Eso es lo que se quiere instalar en la opinión pública, para que Maru Campos pueda aspirar a otros cargos sin el lastre de su pasado.
No está de más subrayar que la sentencia del magistrado aún es revisable, lo que no ha sucedido como mera posibilidad, porque el fuero constitucional de que goza la gobernadora traba el procedimiento; pero pueden venir otros tiempos en lo que esto suceda, y por eso se pavimenta a sí misma una calzada hacia la impunidad completa, yéndose en contra de un juez, vulnerable como todos los demás, en el sistema judicial que tenemos.
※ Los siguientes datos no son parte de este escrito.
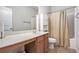 Well-lit bathroom with vanity, framed mirror, tiled floor, and shower over tub at 5152 Rapahoe Trl, Atlanta, GA 30349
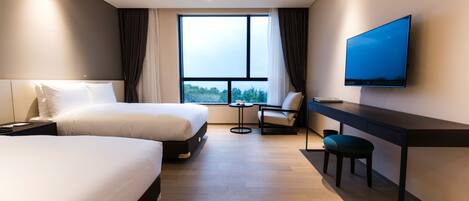 A modern hotel room with two beds, a desk, a chair, a TV, and a large window offering a view of the outdoors.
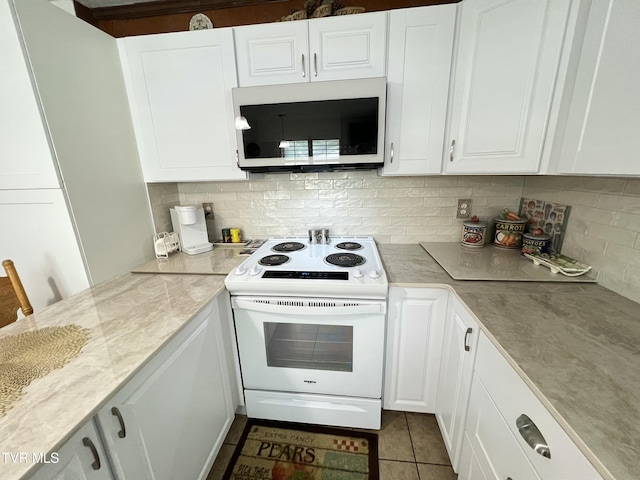 457 Devault St, Church Hill, TN 37642 - kitchen with white electric stove, tasteful backsplash, white cabinets, and dark tile patterned floors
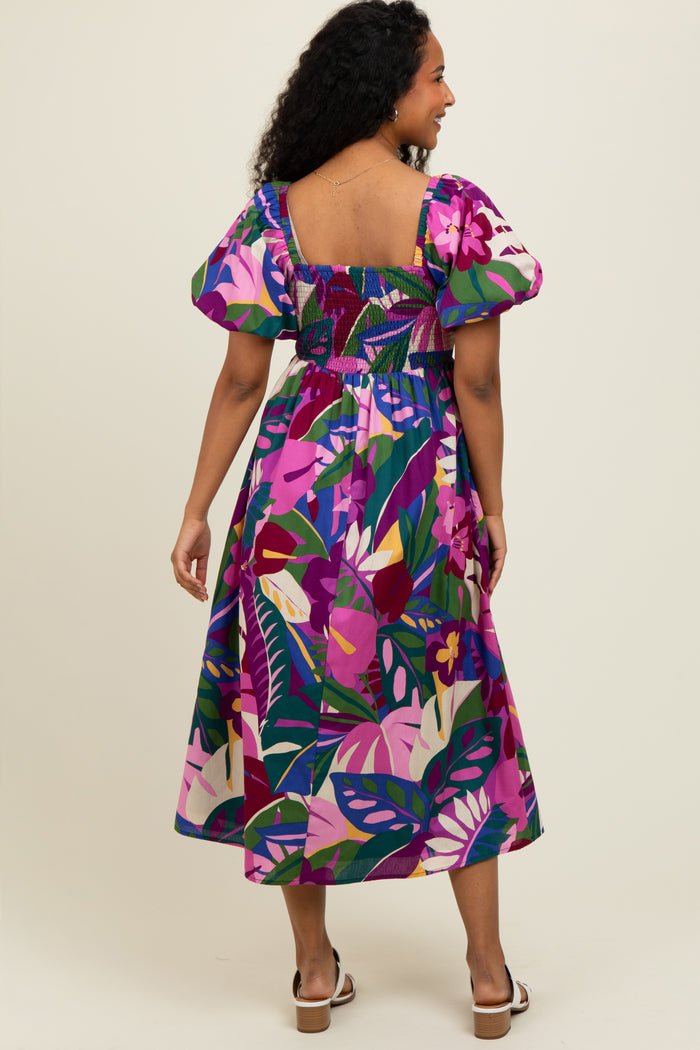 woman wearing a colorful floral print midi dress with puff sleeves and a smocked bodice, showing the back view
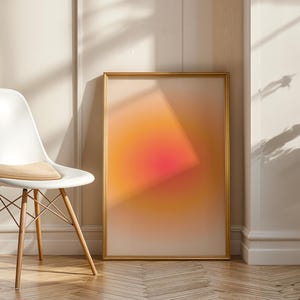 May include: A framed abstract art print with a gradient of orange, pink, and white hues. The artwork is displayed on a wooden floor, leaning against a wall. A white chair with wooden legs and a tan cushion is positioned to the left.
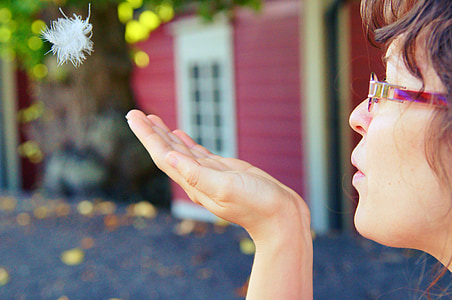 shallow focus photography of woman blowing dandelion on her palm thumbnail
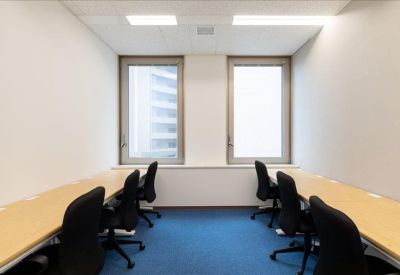 Bright private office featuring two desks with black chairs and a blue carpeted floor.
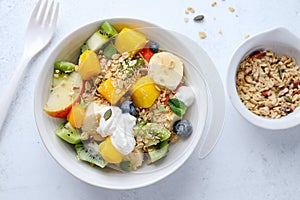 Muesli with fruits served in bowl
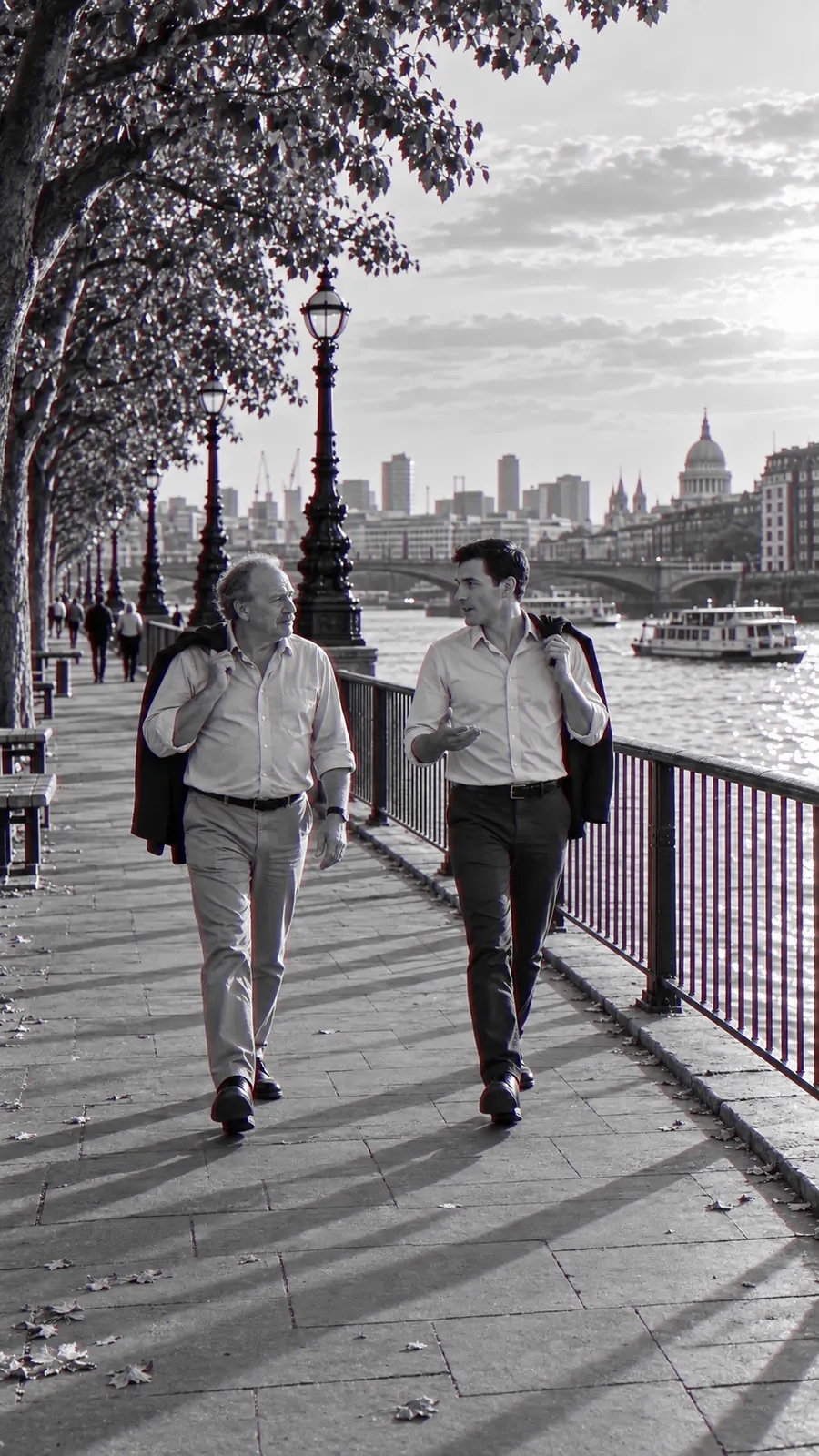 Two men walk along a river path with their jackets over their shoulders, talking something through side by side.
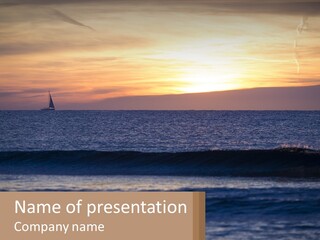 A Sailboat In The Ocean At Sunset PowerPoint Template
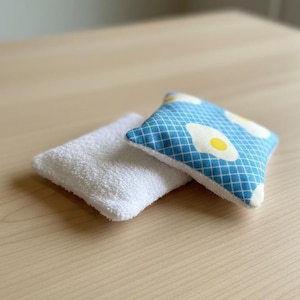 May include: Two small, square fabric items rest on a light wood surface. One is white and fluffy, the other is blue with a white grid pattern and egg graphics. The egg-themed item has a yellow yolk.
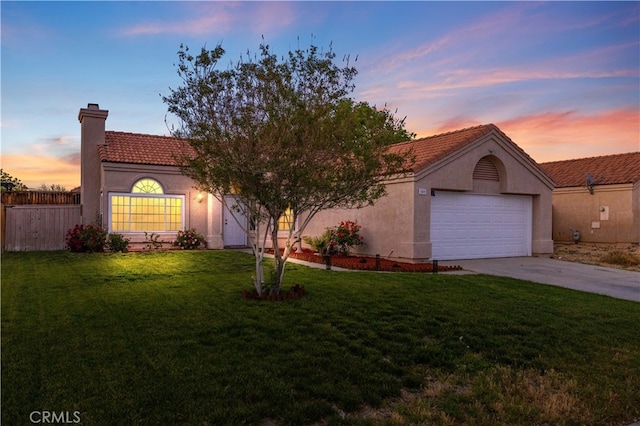 1009 Fairwind Ave, Rosamond, CA 93560 - view of front of home featuring a chimney, driveway, a yard, a garage, and stucco siding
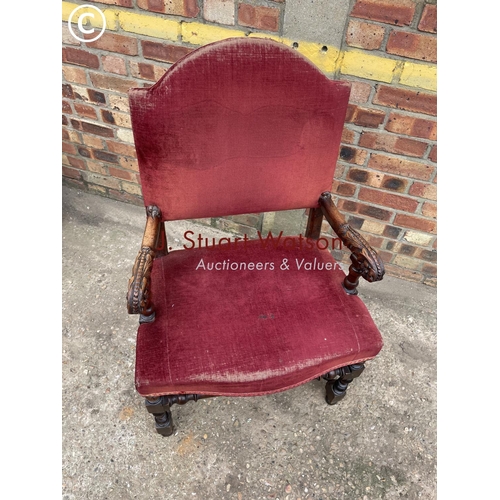 312 - A carved oak 'throne' carver chair with red upholstery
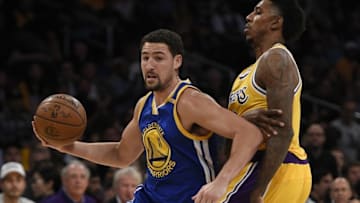 Nov 4, 2016; Los Angeles, CA, USA; Golden State Warriors guard Klay Thompson (11) drives the ball defended by Los Angeles Lakers guard Nick Young (0) during the first quarter at Staples Center. Mandatory Credit: Kelvin Kuo-USA TODAY Sports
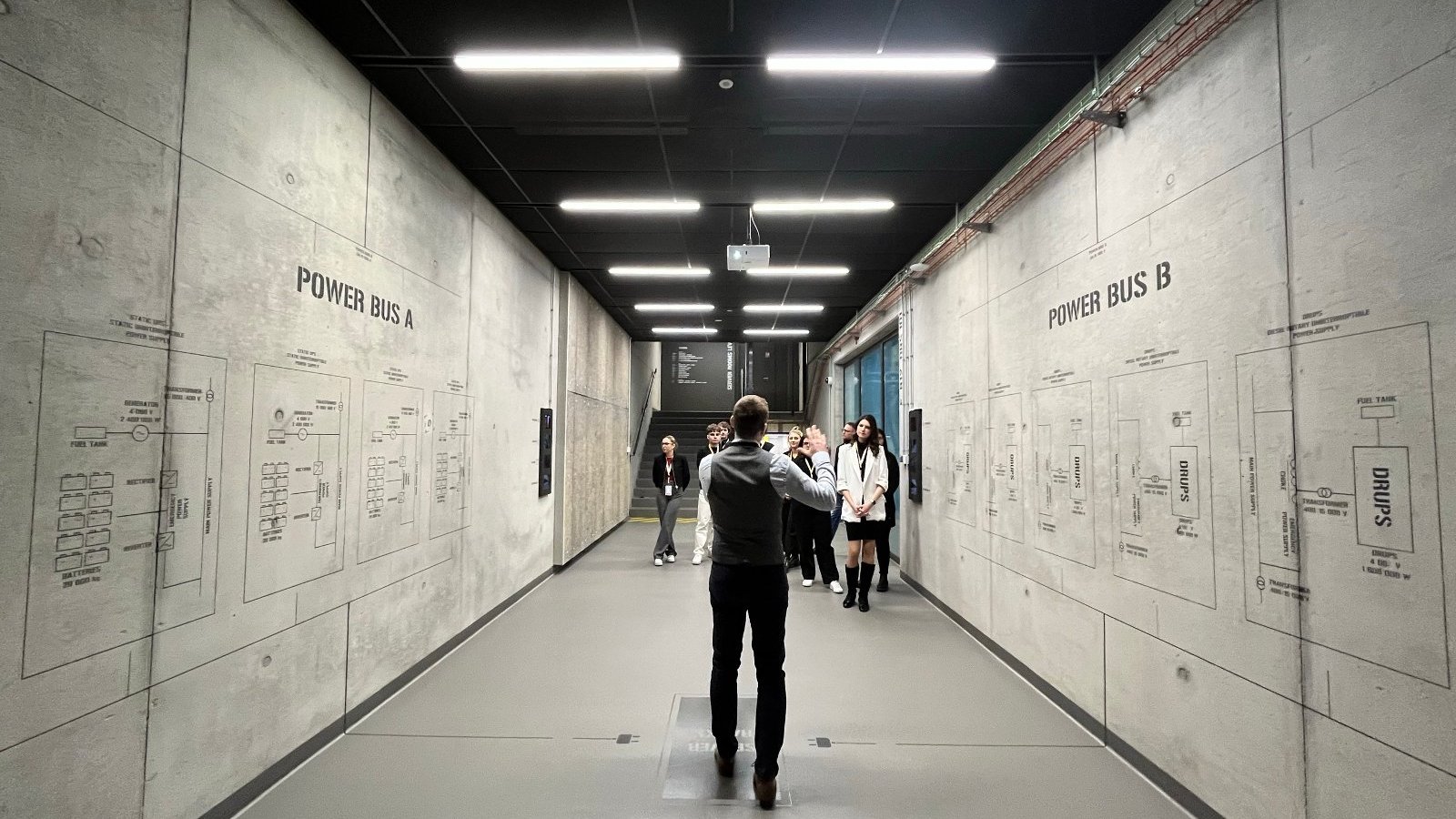 The picture shows several people listening to the speaker in a wide corridor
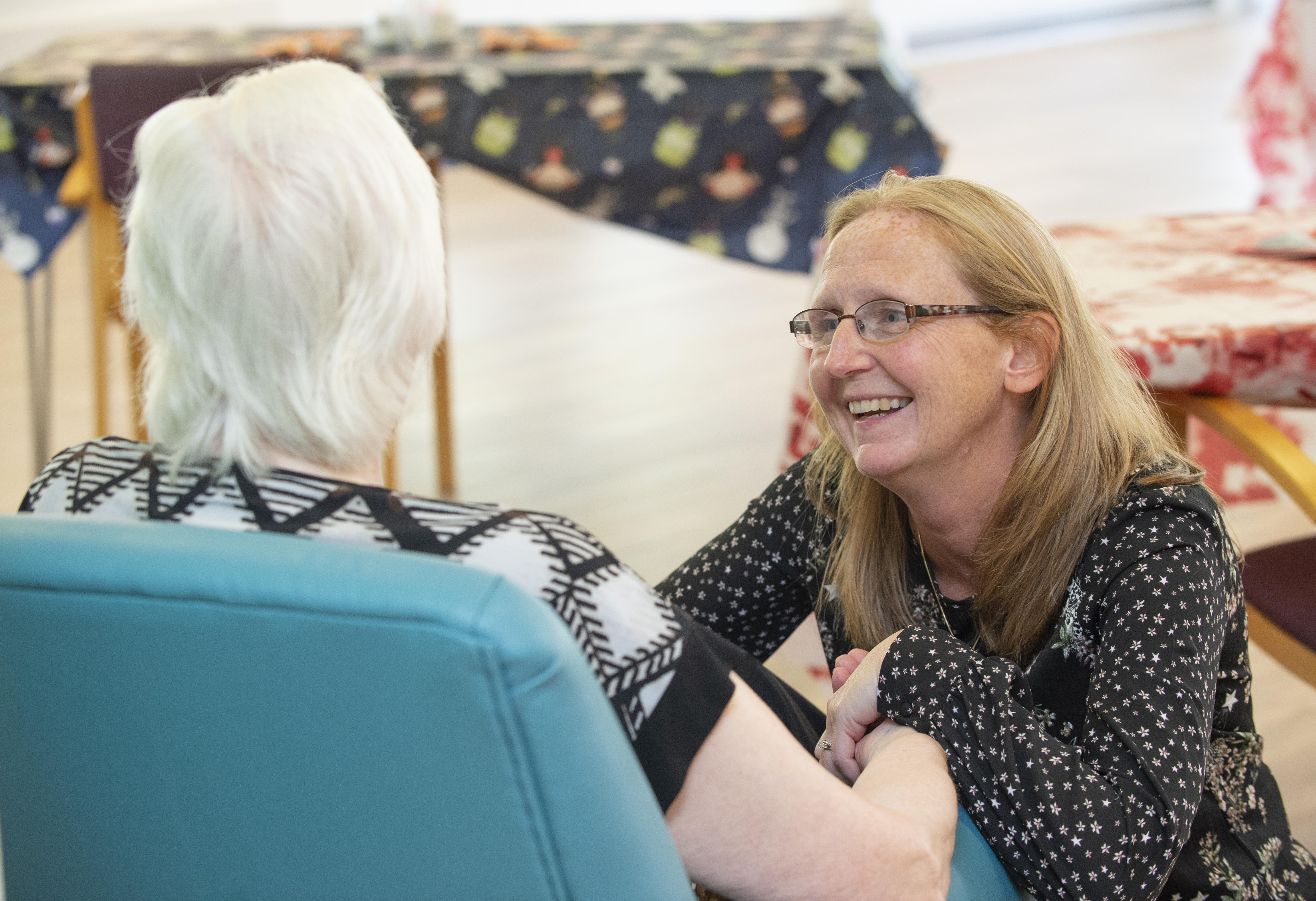 A smiling person with blonde hair below their shoulders wearing glasses and a black shirt with a white pattern of dots and flowers is crouched in front of a person sitting in in a turquoise chair. They have their back to the camera. They have short white hair and are wearing a geometric pattern white and black short sleeve top. In the background a table covered in a tablecloth and a red and white chair.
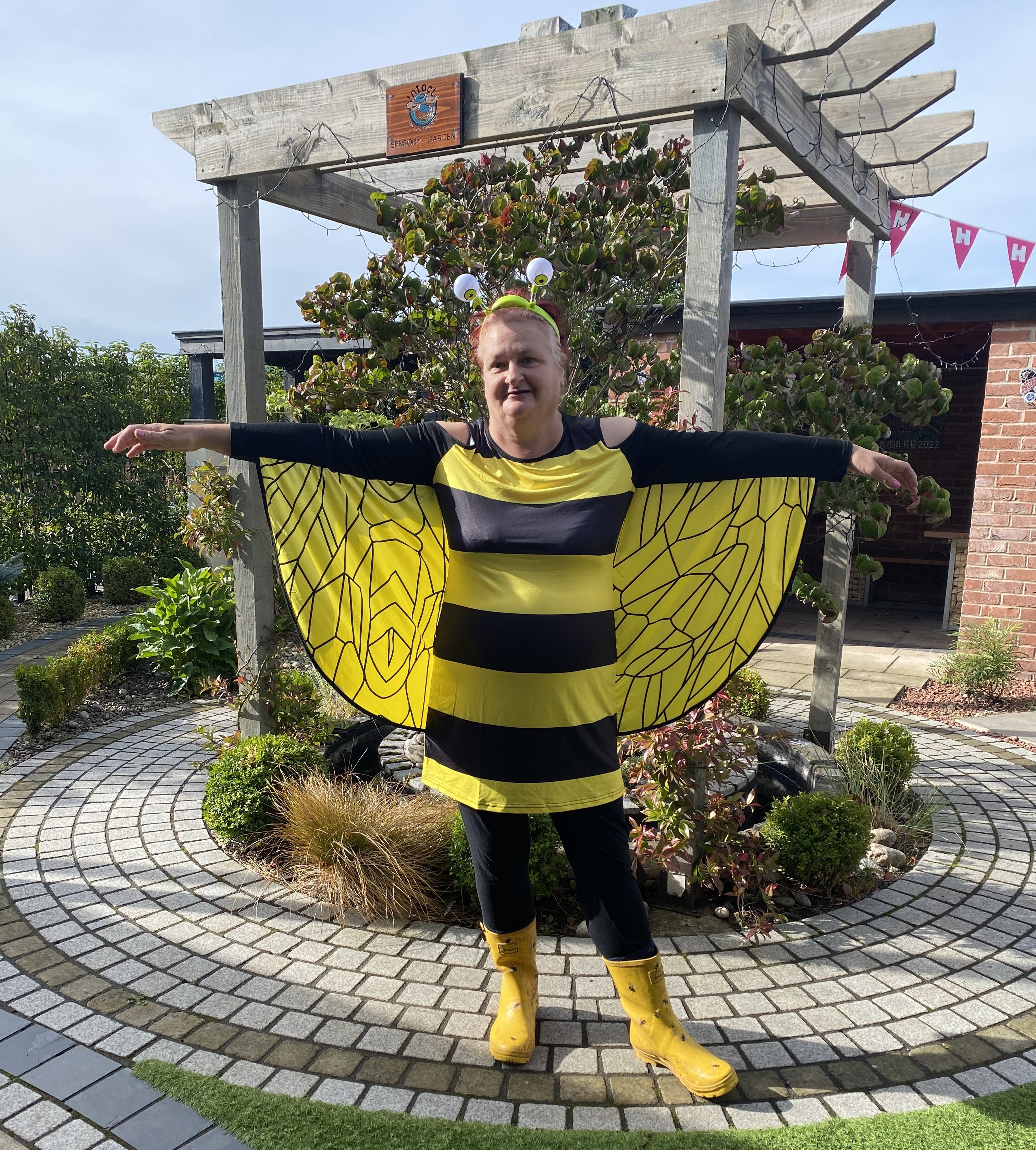 Volunteer in bee costume stood in front of a pergola.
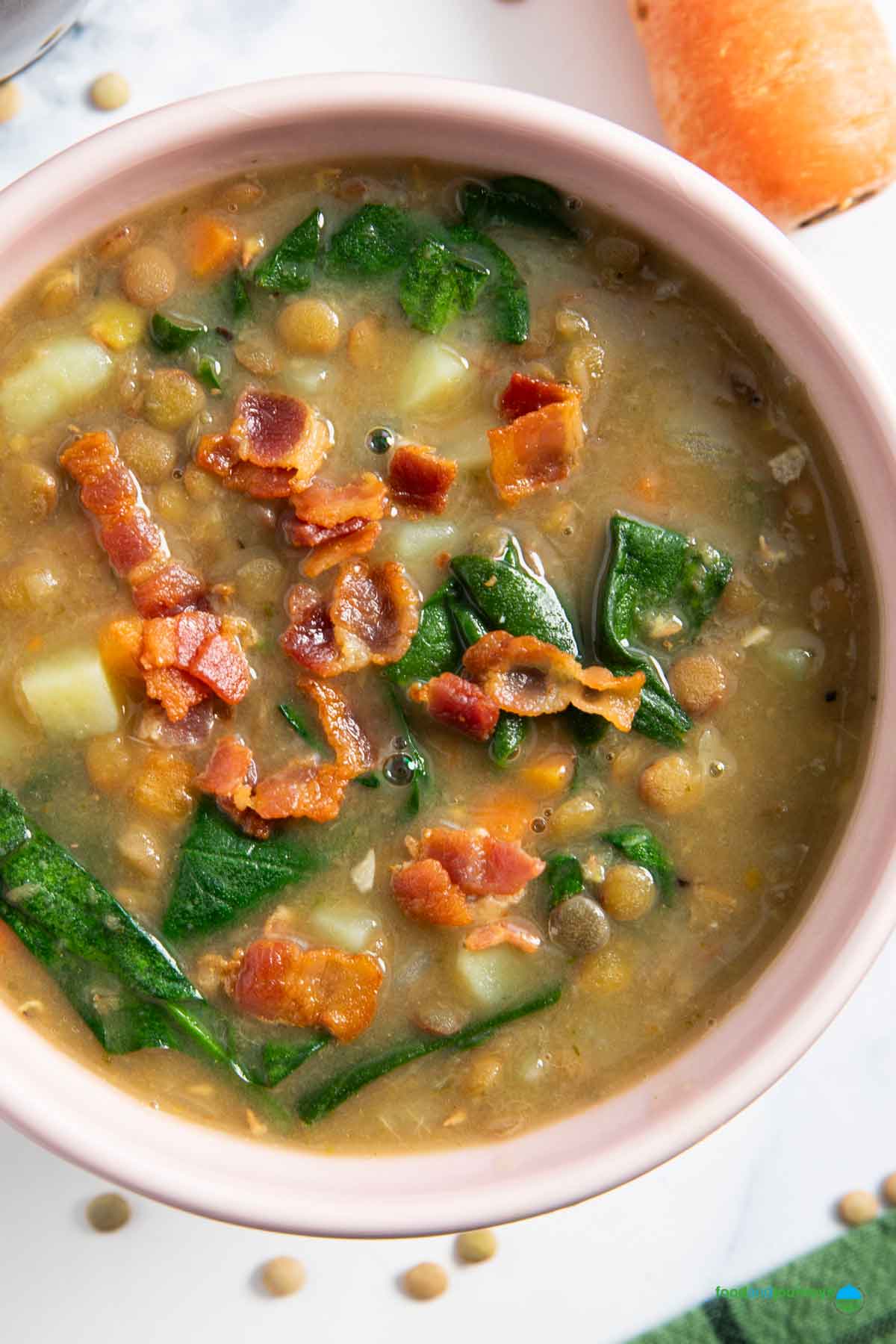A bowl of homemade soup of lentil and bacon, with spinach and potatoes, served.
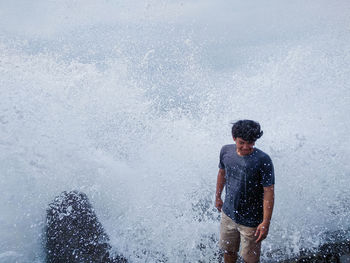 Full length of man standing in sea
En el fondo de este asunto se exhiben al menos dos cosas igualmente graves: en lugar de rendir cuentas de la conducta de una imputada, se inventa una historia para erosionar la visión hacia las maneras que la envilecen, en primer lugar; y de vengativa a más no poder. Y ciertamente, tener de gobernante a una persona así, no es nada recomendable.
Maru Campos se cree impoluta. No lo es. Su liderazgo no se soporta en una condición de esa naturaleza, y está entrando en franco deterioro. Ha procedido a engañar a los ciudadanos, victimizándose a través de los medios de información y por una factura que pagamos todos los contribuyentes.
Como sucede en la novela político-policiaca de Leonardo Sciascia, El archivo de Egipto, en su impostura, la gobernadora corrupta no recurre para nada a un historiador verdadero; inventa una historia a modo y procede a narrarla. El narrador está en la nómina de los Diarios de Osvaldo Rodríguez Borunda, y puede ser cualquiera de las palurdas plumas que ahí trabajan.